YOUR OBJECTIVE: Among the lines below, output only those between the line holding "Nikon COOLPIX S6100" and the line holding "Coach Shoulder Bag Black Leather", inclusive, exactly as written and with no pictures.

PROVIDED INFORMATION:
-*-

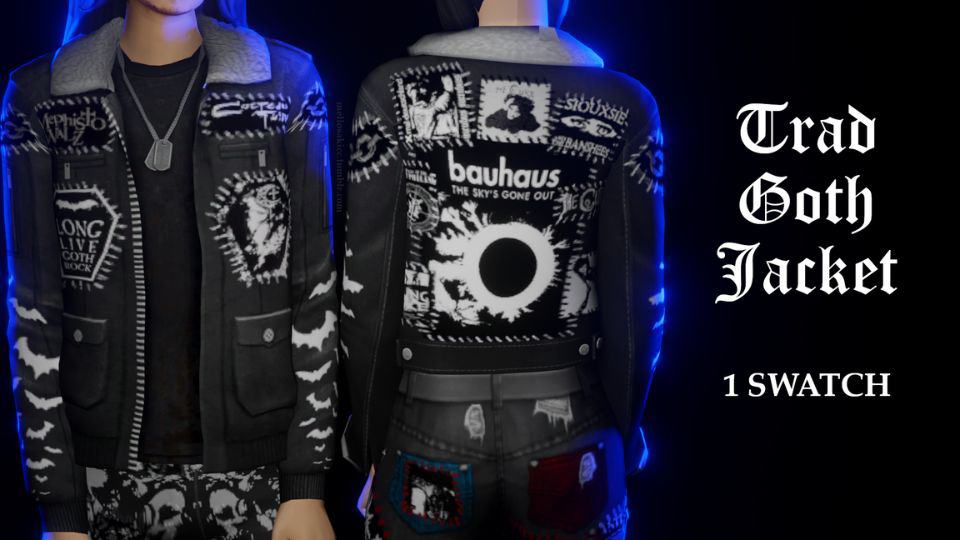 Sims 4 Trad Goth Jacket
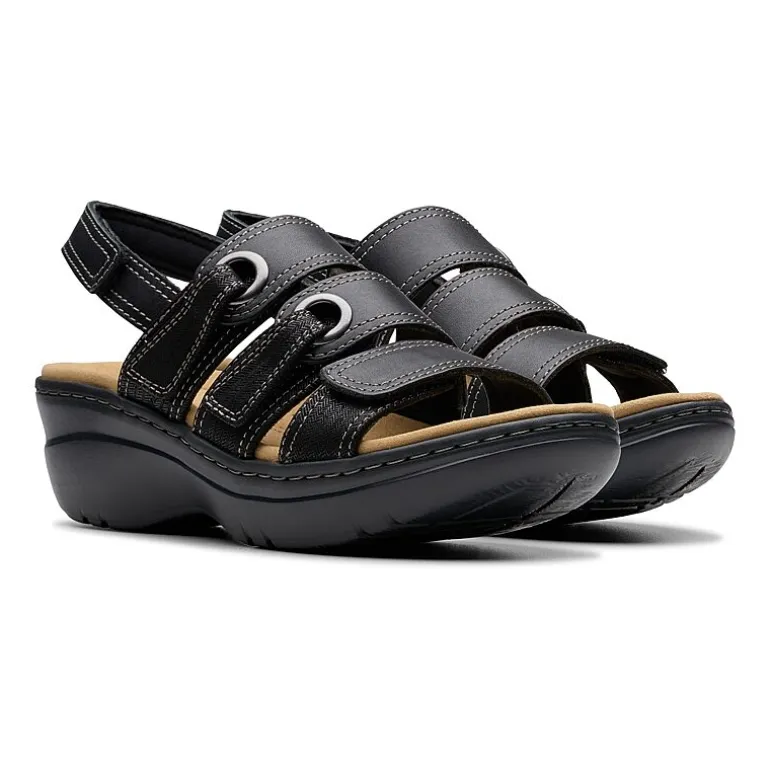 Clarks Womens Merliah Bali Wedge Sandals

-*-

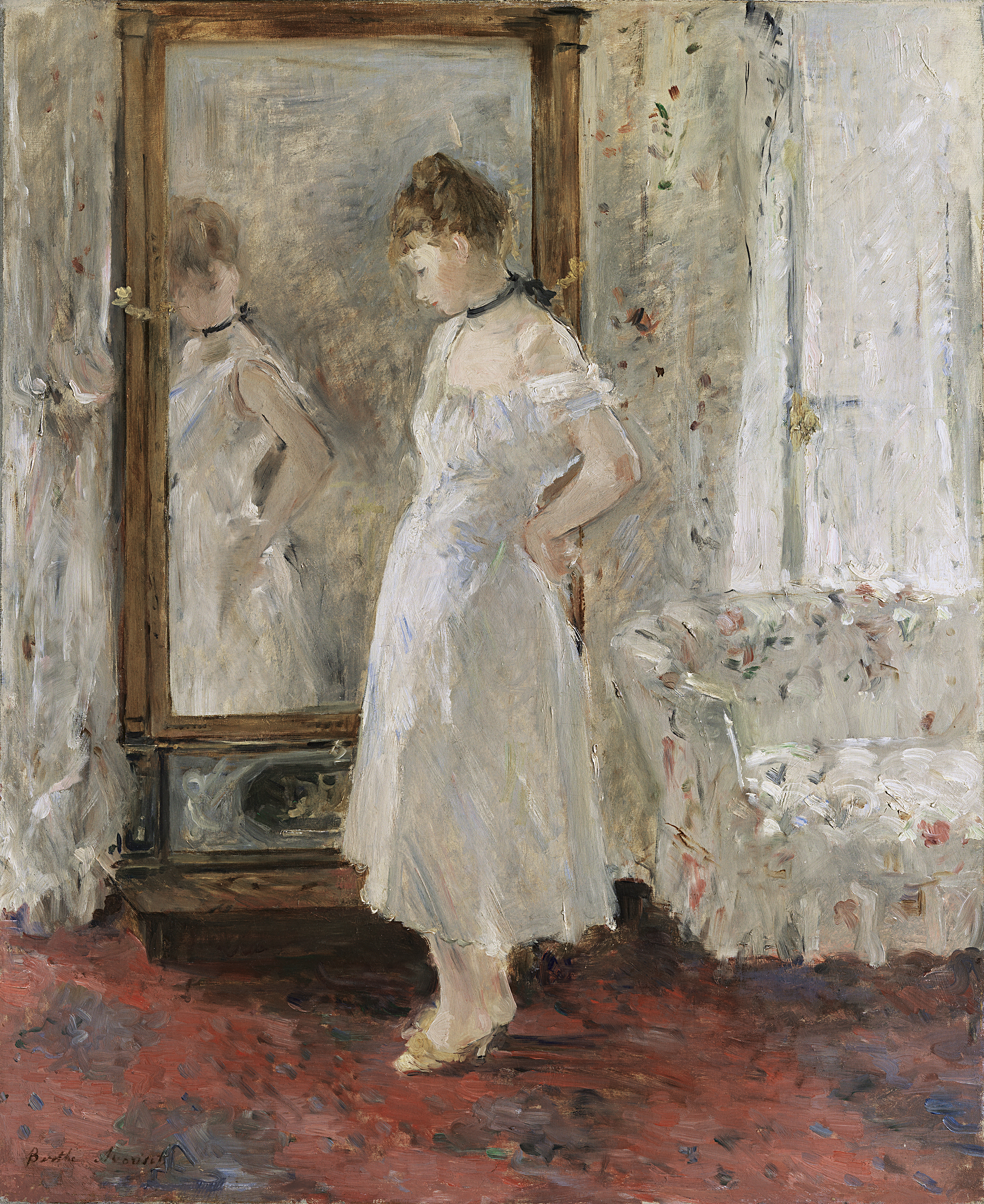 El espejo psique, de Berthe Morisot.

-*-

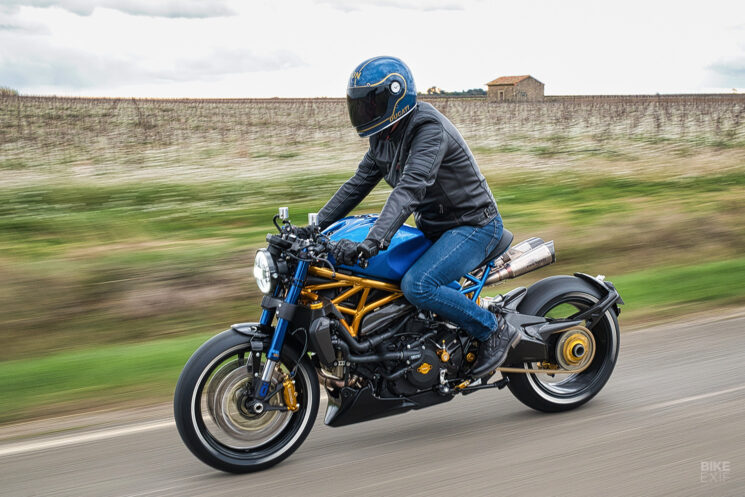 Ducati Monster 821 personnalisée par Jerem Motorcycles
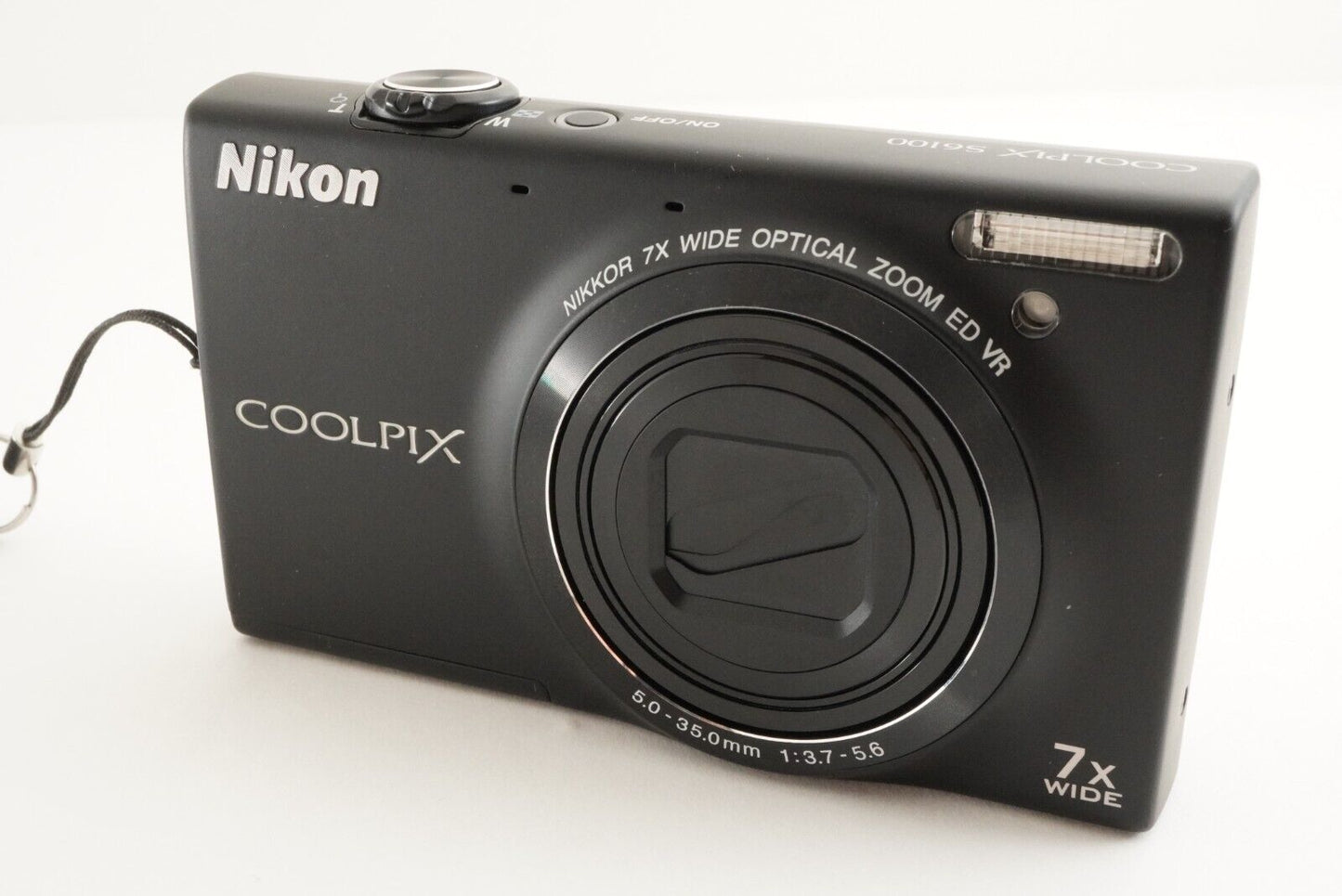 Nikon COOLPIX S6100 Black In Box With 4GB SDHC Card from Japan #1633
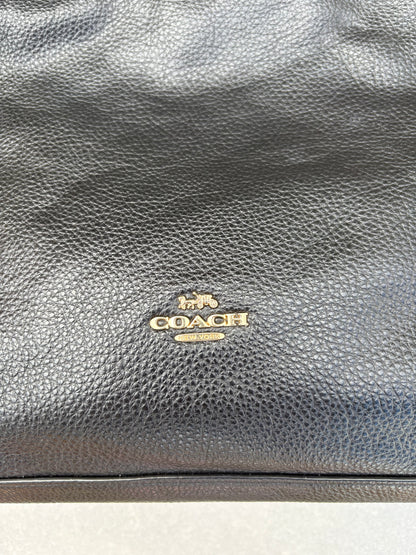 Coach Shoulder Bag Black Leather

-*-

TASK RESPONSE:
 Nikon COOLPIX S6100 Black In Box With 4GB SDHC Card from Japan #1633
 Coach Shoulder Bag Black Leather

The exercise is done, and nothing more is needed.